O documento publicado pelo Vaticano deixa claro que pessoas do mesmo sexo ainda não podem se casar e os padres não podem abençoar a união de casais homoafetivos. A Igreja Católica ainda reserva o matrimônio a casais héteros.

O que muda, na prática, é que pessoas que estão em união homoafetiva podem receber bênçãos mesmo estando, como denomina a tradição católica, “em pecado”. As bênçãos não podem ser acompanhadas de cerimônia que simule um casamento.

Nenhum padre será obrigado a conceder as bênçãos a casais LGBTQIAPN+. Mesmo assim, o documento proíbe que qualquer pessoas sejam impedidas de entrar na igreja e procurar a ajuda de Deus.

Padres ainda não podem abençoar a união de casais homoafetivos, mas podem abençoar pessoas LGBTQIAPN+ Foto: Divulgação

“É importante lembrar que a igreja deve cuidar das pessoas, e a nossa preocupação é com as pessoas. Por isso, ao se aproximar desta comunidade, a igreja está cada vez mais afirmando que, de fato, ela veio para cuidar daqueles que são marginalizados, daqueles que são excluídos. Nós, como transmissores de boa notícia, da mensagem de Deus, não podemos deixar ninguém fora desta mensagem”, diz o padre.
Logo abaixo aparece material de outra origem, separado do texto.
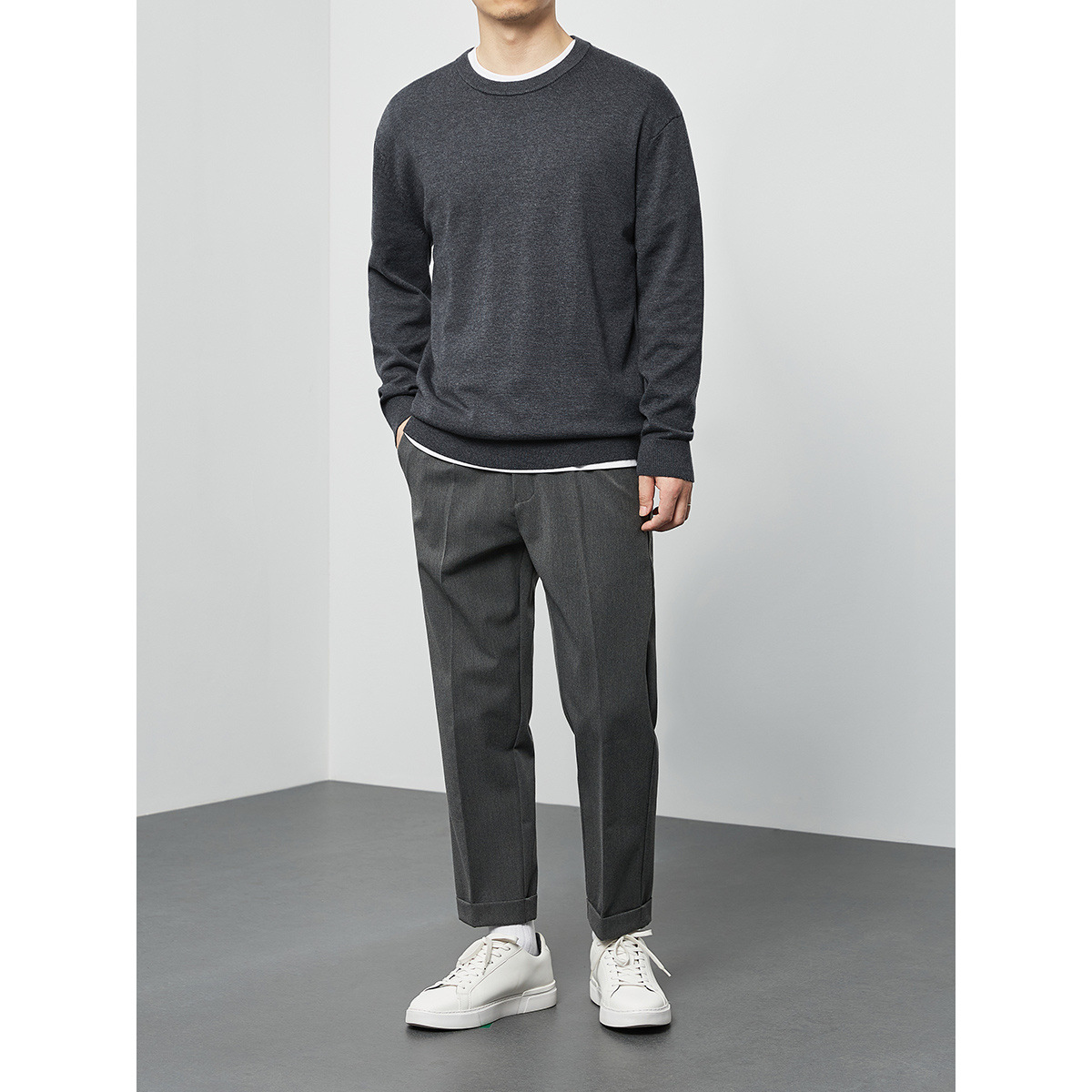 2023 autumn men's round neck sweater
“Então eu acho que é um grande avanço. São grandes passos no sentido de deixar claro para a sociedade a forma como a igreja trabalha, como ela lida com essas questões”, completa.

Acolhimento

Antonio Alves é um dos colaboradores da Cozinha Solidária do São Marcos, um projeto social que atua há três anos na região de atuação do padre. Só em 2023, a iniciativa distribuiu mais de 50 mil refeições gratuitas a famílias da periferia da metrópole.
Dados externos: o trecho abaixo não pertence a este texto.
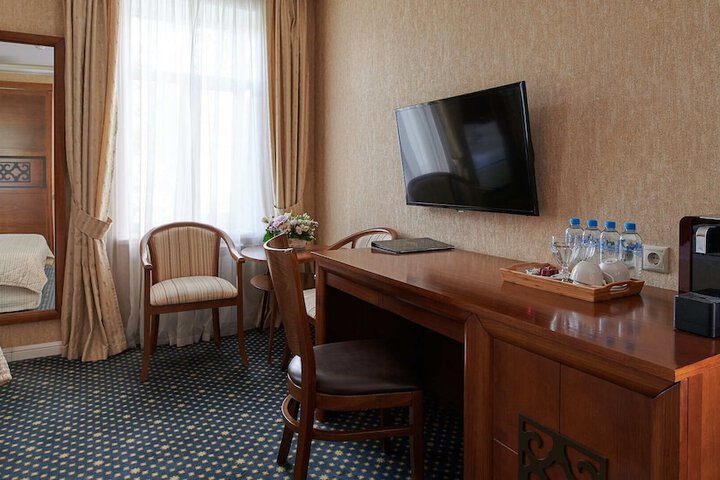 Room 21 of 48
Para o diocesano, é um dever acolher pessoas marginalizadas e vulneráveis. “Eu não vejo problema algum em dar uma bênção a uma pessoa que esteja em qualquer situação que a gente chamaria de irregular em relação à igreja”, frisa.

“Ninguém escolhe, por exemplo, sofrer preconceito. Ninguém escolhe ser assassinado por conta da homofobia. Ninguém escolhe ser jogado pedra porque a pessoa se declara homoafetiva. Então, não tem por que não receber a bênção de Deus”.

O próprio Papa Francisco já havia se pronunciado algumas vezes a respeito do acolhimento de pessoas LGBTQIAPN+ na Igreja Católica. O Pontífice já indicava a intenção de tornar a Igreja um ambiente mais acessível, mas ainda não havia alteração oficial nas diretrizes católicas.

Em entrevista à Associated Press, dos Estados Unidos, em janeiro, Francisco criticou as leis que proíbem a homossexualidade e disse que Deus ama todos os seus filhos. “Ser homossexual não é crime”, disse na oportunidade.

Papa Francisco já havia se pronunciado sobre bênçãos a casais homoafetivos em outubro. Foto: Nuno Veiga / Pool / Agência Lusa

Em agosto, em entrevista à revista espanhola Vida Nueva, o Papa voltou a tocar no assunto e disse que mulheres transsexuais são “filhas de Deus” e não devem ser tratadas de forma diferente. Francisco disse, ainda, que não se importava em ser criticado por receber mulheres trans no Vaticano.

A possibilidade de dar bênçãos a casais homoafetivos surgiu publicamente pela primeira vez em outubro, em fala do Papa respondendo a cardeais, e, apenas dois meses depois, foi concretizada com a assinatura do documento.

Para o Padre Antonio, a decisão traz uma sensação de tranquilidade tanto para os líderes religiosos quanto para os católicos LGBTQIAPN+. Relembrando o casal de mulheres que recebeu sua primeira bênção após a permissão da Igreja, disse:

“Elas se sentiram na liberdade de pedir a bênção porque agora a igreja deu essa resposta a essa comunidade. E eu também, na tranquilidade de dar uma bênção, sem ser julgado, sem ser questionado: ‘por que o padre está abençoando aquelas pessoas que estão em pecado?’ Então, tanto eles ficam mais tranquilos, como também o ministro fica mais tranquilo, no sentido de que não vai sofrer pré-julgamento ou qualquer tipo de situação parecida”.

A Arquidiocese de Campinas não sabe quantas bênçãos já foram concedidas por padres da região a casais homoafetivos. Ao Porque, a diocese disse que sempre acolheu as pessoas com conversas e bênçãos caso pedissem e que, após a decisão oficial, segue as orientações do Vaticano.